Si la letra con sangre entra, con sangre sale cosida en este poemario donde el registro de la pasión no sólo se da en sus fases de padecimiento y ardor, sino en el de pasión que «se convierte en manía» (Nicolás Rosa), «lúcidamente persecutoria» agregamos con referencia al libro de Liliana Lukin. Teatro de operaciones se aclara a sí mismo como Anatomía y literatura; los poemas diseccionan un cuerpo que simultáneamente es presa y guardián que aprisiona, víctima y victimario. Cuerpo inmerso en un campo literario, cuerpo al que «cercan, marcan, lo doman, lo someten a suplicio, lo fuerzan a unos trabajos, lo obligan a unas ceremonias, exigen de él unos signos» (Foucault). Lukin paga con carne viva el deseo con que se entrega al «verbo de la herida que el poema no lava». Se urde una costura centelleante entre esa literatura de espejismos -que sin embargo, es la única realidad que se reconoce-, y el cuerpo que la remunera con tributos excesivos, de manera incondicional y voluntaria. «Este comportamiento adictivo/ con la ficción el abuso / del consumo de escrituras», declara Lukin asumiendo pecado de obsesión . Escritura incierta ya que en «el escenario de la escena del crimen,/ donde nada está en su lugar y acomodar/ es la ilusión de la escritura». Paradójica: «La poesía/ que no salva de nada/ vendrá por nosotros». No salva de nada pero se ansía que venga y nos tome. Se la pide. Se clama por ella. Lukin proclama su «felicidad de estar perdida en lo que escribo». Una escritura que marca, ya que la autora perderá «todo menos la cicatriz». El registro es el de una relación sádica sublimada, repetición incesante de un acto al que no se puede renunciar (escribir) pese a que cobra precios irreversibles sobre el cuerpo; una «perversión» entendida en el sentido klossowskiano de insubordinación de las funciones de vivir.

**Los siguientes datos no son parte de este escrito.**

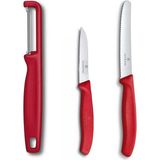 Victorinox Kırmızı Domates Soyacağı - 11 cm Tırtıklı Domates Sebze Bıçağı - 8 cm Düz Bıçak 3lü Set
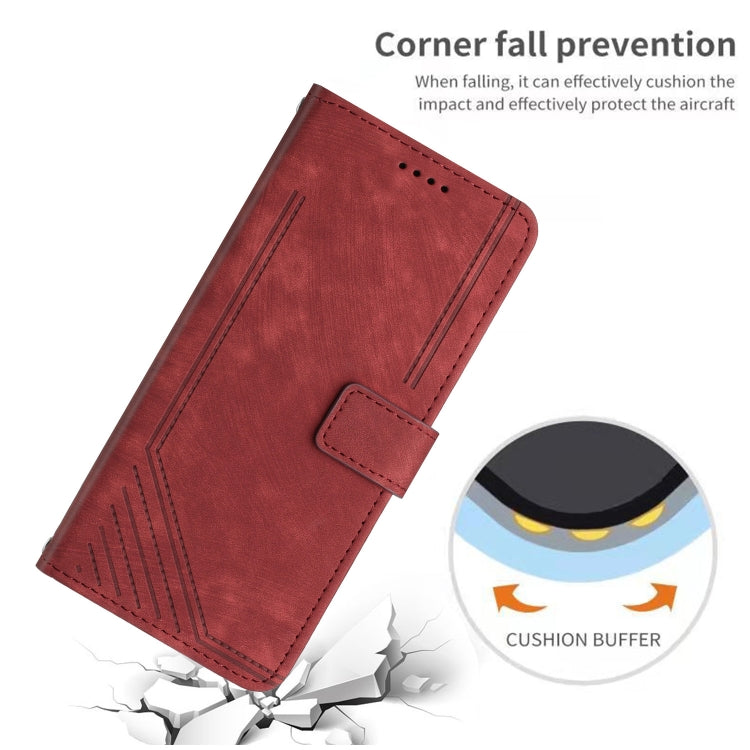 Funda de Cuero Itel P65 con Diseño de Rayas y Cordón (Rojo)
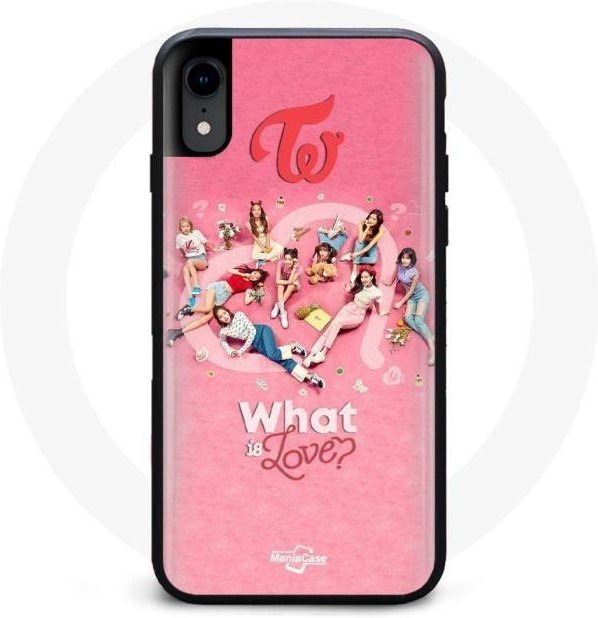 MANIACASE iPhone XS Hülle mit TWICE Rotes Logo Plakat What Is Love in Rot und Pink - Bild 1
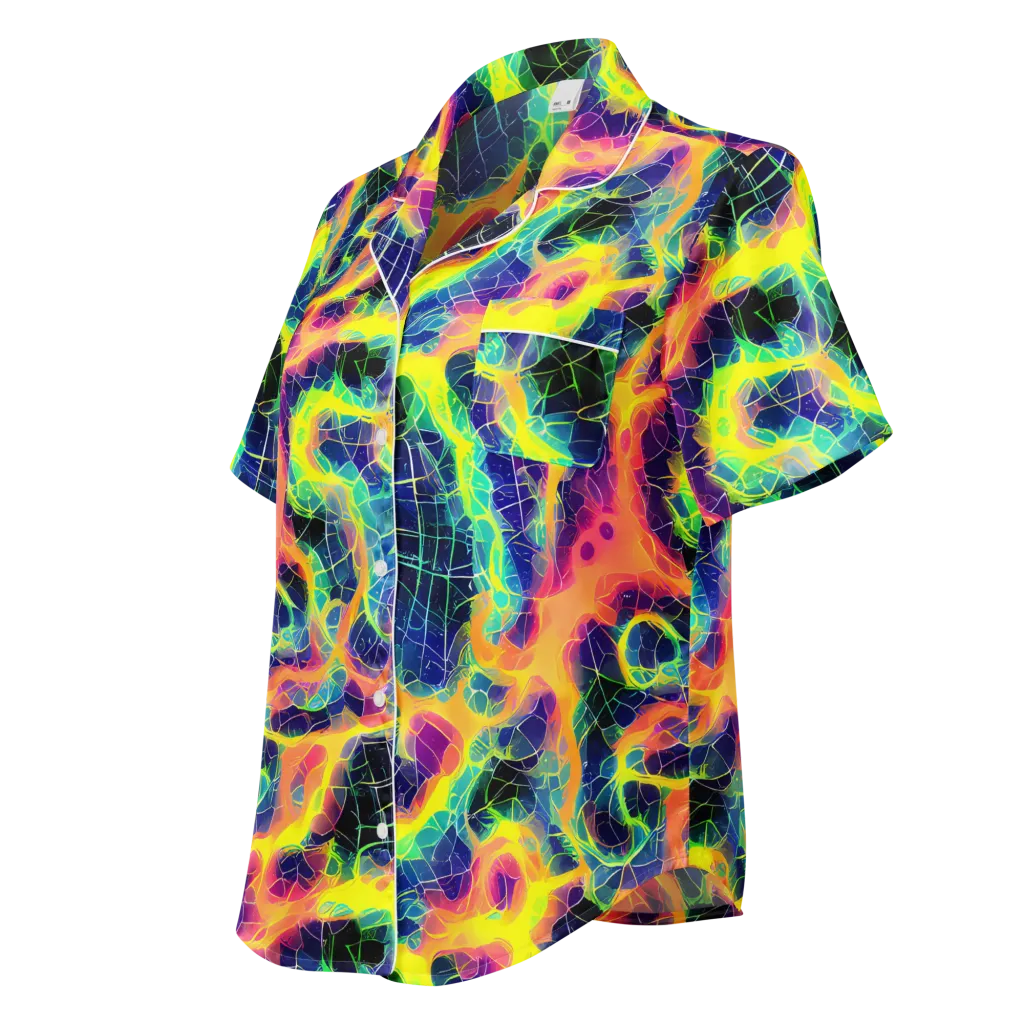 Psychedelic Grid on Women's Short Sleeve Pajama Top — Left Front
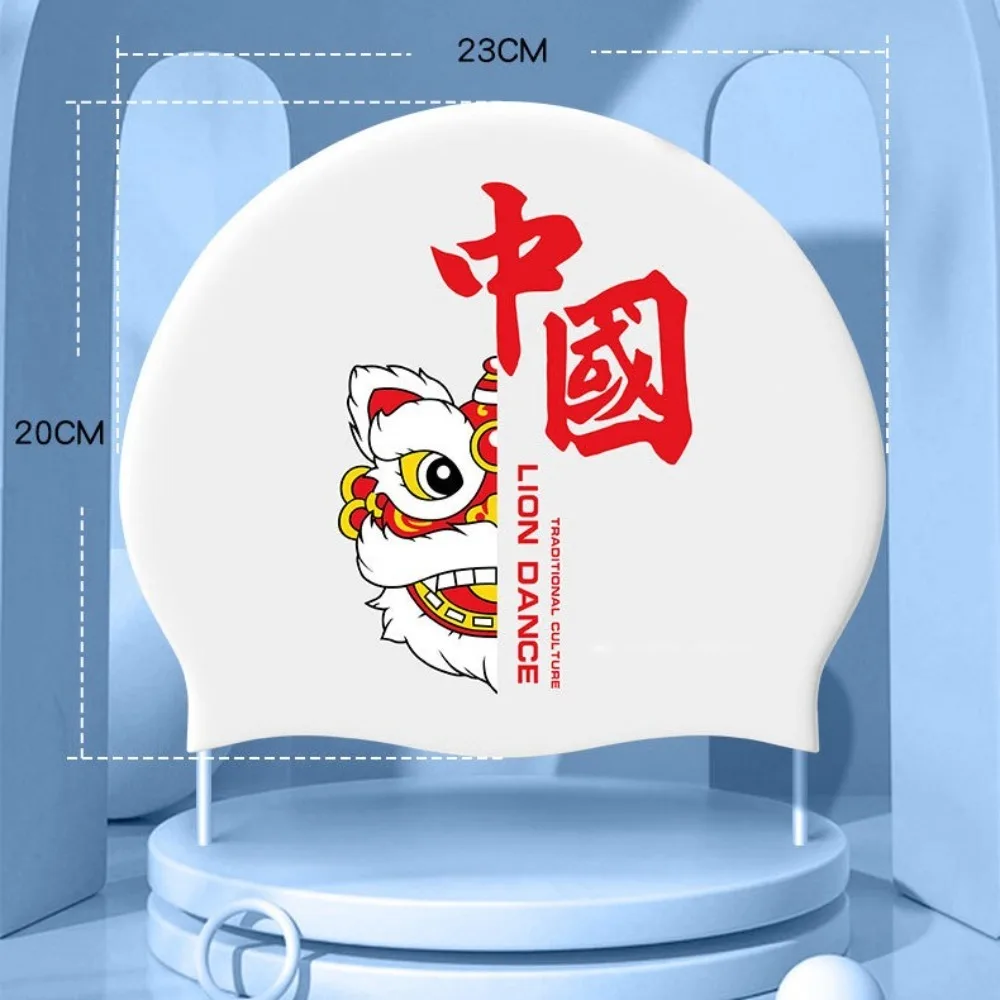 Water Sport Silica Adult Swimming Cap Lion Dance Waterproof Swimming Hat Long Hair Lightweight Diving Cap Beach image 6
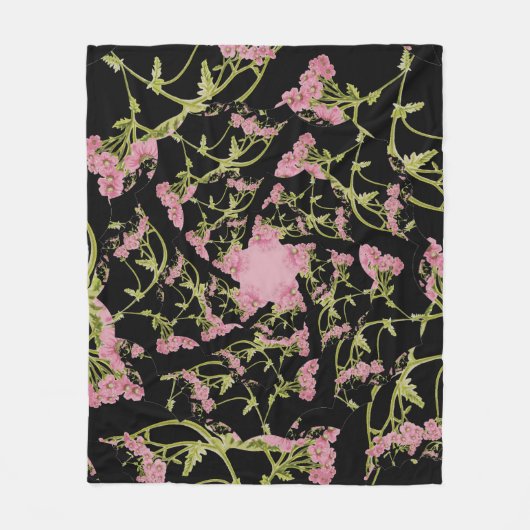 Roze en zwarte Achillea fractale kunst Fleece Deken (Voorkant)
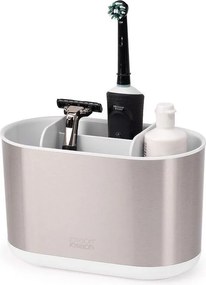 Stojan na zubné kefky z nehrdzavejúcej ocele v striebornej farbe Duo Steel – Joseph Joseph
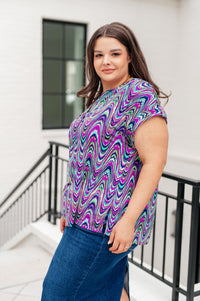 Lizzy Cap Sleeve Top in Purple Multi Marble Tops Ave Shops 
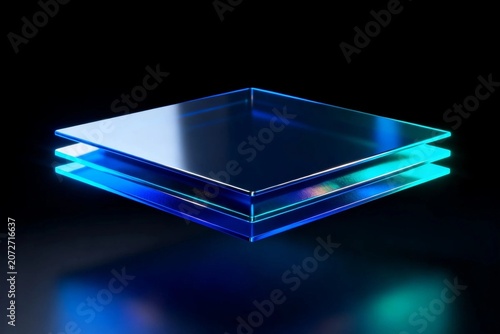 Stacked Glass Panels with Neon Glow
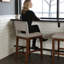 Ensemble de 3 tabourets de bar, tabourets de bar rembourrés à hauteur de comptoir, tabourets de comptoir modernes avec pieds en bois pour îlot de cuisine, brun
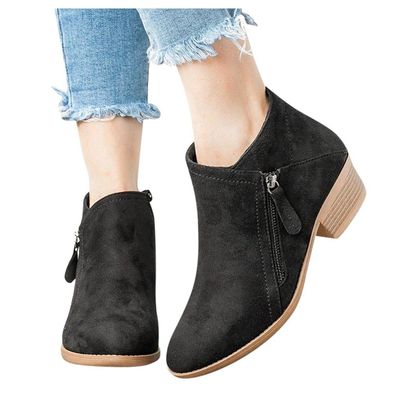 Combat Ankle Boots for Womens Flower Pattern Splicing Lace-Up Zipper Booties Square Low Heel Cute Almond Toe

Porque aquí vivir es escribir aunque el cuerpo se exponga y termine flechado por saetas que son palabras, palabras que hienden, hieren y sangran la bella carne (la corporal, la de lo que se dice). Una suerte de Santa Teresa, de Bernini, torturada y en éxtasis, mármol que flota.
En «El jardín de las delicias» del pintor Hyeronimus Bosch, anos o penes se prolongan en ramos de flores, en espinosas, atormentadorass rosas, se copula dentro de la claustrofobia de una ostra, o bajo una campana de vidrio; la carne produce un goce que se desmiente de inmediato a sí mismo, el placer es pesadilla, el deseo, dolor. Como en Lukin.
Sostiene Deleuze, si en «el lenguaje de las ciencias, dominado por el símbolo de la igualdad, cada término puede ser reemplazado por otros, en el lenguaje lírico, cada término, irremplazable, sólo puede ser repetido». En Lukin se repiten, sin cesar, el acto de escritura, el sufrimiento-placer, el crear una palabra insustituible.
Por eso, el de «Teatro de operaciones» es un cuerpo que se atestigua como ser y se sostiene en lo que es. ¿Qué? «Animal del templo de la voz». Y se afirma y regodea en ello. La voz, eterna y efímera.
Siempre es difícil hablar de un gran libro, se ha dicho. El discurso se desfasa, propone juegos de reglas violadas, se esconde, arma simulacros y caminos sin salida, desmonta estereotipos y la comodidad de las categorías conceptuales a las que una está habituada. Teatro de operaciones. Anatomía y Literatura lo hace. Sus dos partes, «Campo quirúrgico» e «Ingeniería natural», muestran una escritura bellamente trabajada con fotografías de Gustavo Schwartz y grabados de Hilda Paz.